Frisou que na maioria das vezes, a PSP “é confrontada com situações que nada têm a ver com racismo”. Palavras que, mesmo sem o desejar e porque não contestou as intervenções do fórum, acabaram por encaixar com o racismo demonstrado pelos cidadãos: “A PSP não é uma instituição racista (..) mas muitas vezes somos conotados com racismo quando intervimos (…) é uma capa, uma desculpa, para desvalorizar aquilo que é uma actuação da polícia”.
E a pivot mais nada disse. Pôs ponto final ao programa.
Há uma frase irónica que diz: “Errar é humano, repetir o erro é jornalismo”. Mas esta ideia diz pouco sobre os mecanismos comportamentais dos jornalistas que os levam a insistir no erro.
Por que razão, os jornalistas insistem em criar um ambiente de tensão entre “as populações mais desfavorecidas e as forças de segurança”?
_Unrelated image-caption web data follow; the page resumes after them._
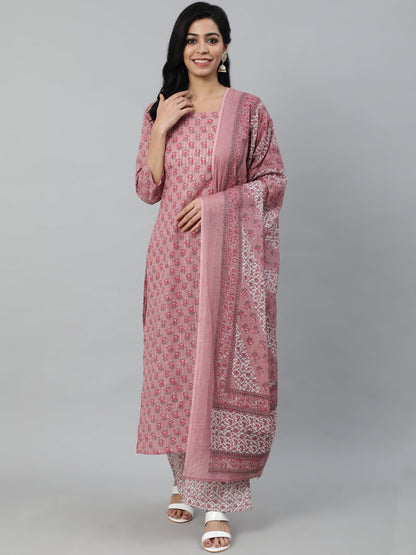 Women Pink Floral Printed Pure Cotton Kurta & Plazzos With Dupatta | LASVINI - Redefining Indian Fashion with Elegance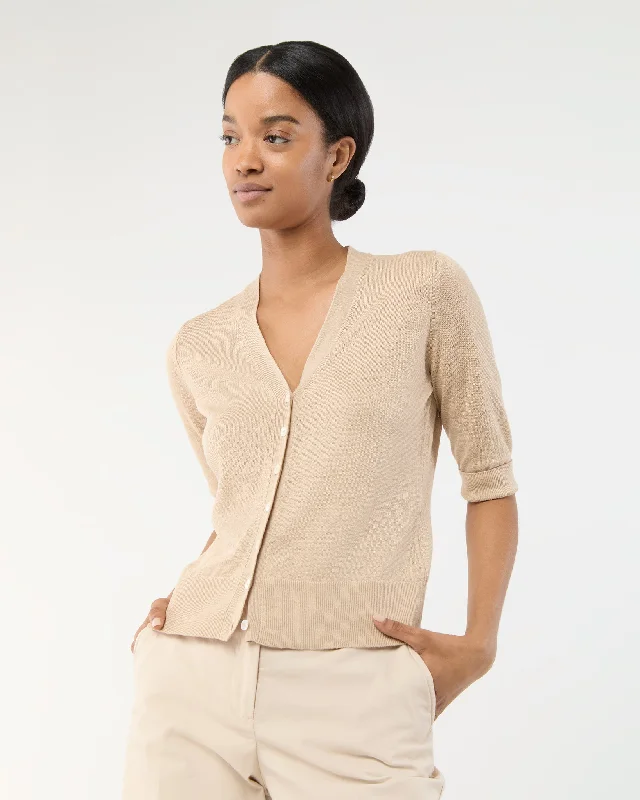 Short-Sleeved Rosie V-Neck Cardigan in Khaki Linen Elasticated Padded Insulated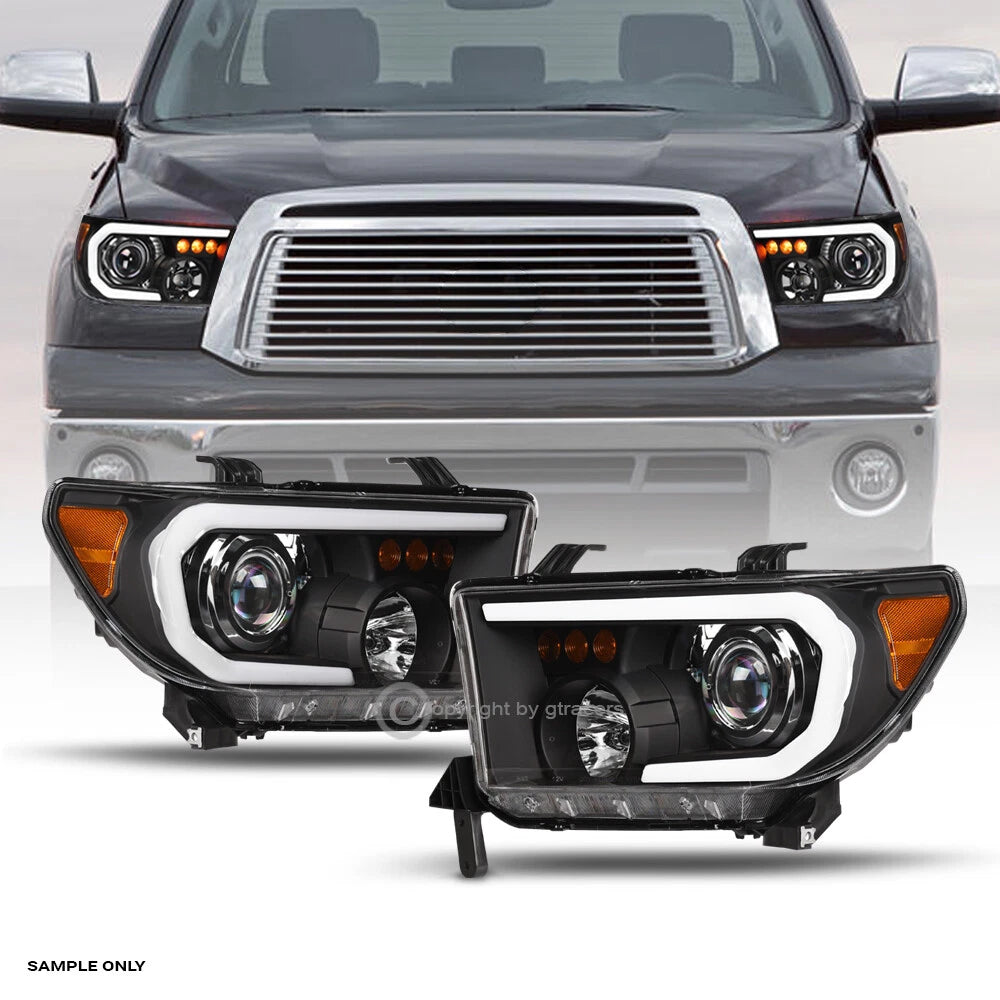 2007-2013 Tundra/Sequoia Black Projector Headlights Signal Amber w/LED Tube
Primeiro, poder-se-ia frisar as palavras usadas e o posto de visão em que o jornalista se coloca. O termo “classes mais desfavorecidas” pressupõe que o jornalista se coloca acima delas, e é verdade: Quem está à frente das câmaras, geralmente já não sabe o que é ser desfavorecido. E já nem se está a falar da palavra favorecida que merecia todo um comentário. Segundo, parece correr o pensamento de que, mais tarde ou mais cedo, a extrema-direita será dominante na Europa e que, por isso, o mesmo acontecerá em Portugal. E isso é notícia ou vai ser. E tudo o que possa cheirar a isso entronca no que vai ser notícia e torna-se notícia já hoje. Um movimento como os coletes amarelos foi promovido pelas televisões, com uma certa ajuda da PSP, apesar de ter sido um fracasso. Terceiro, existe o fenómeno de mimetismo: se todos fazem, eu vou fazer o mesmo, porque se não o fizer, o espectador muda para o concorrente. Quarto, sabe-se lá se os jornalistas não pensem mesmo que algo como a extrema-direita – anti-política, autoritária e anti-comunista – seja necessária em Portugal.
Tudo isto faz esperar o pior. Resta saber qual vai ser a força política que, aos olhos das televisões, assumirá essa forma.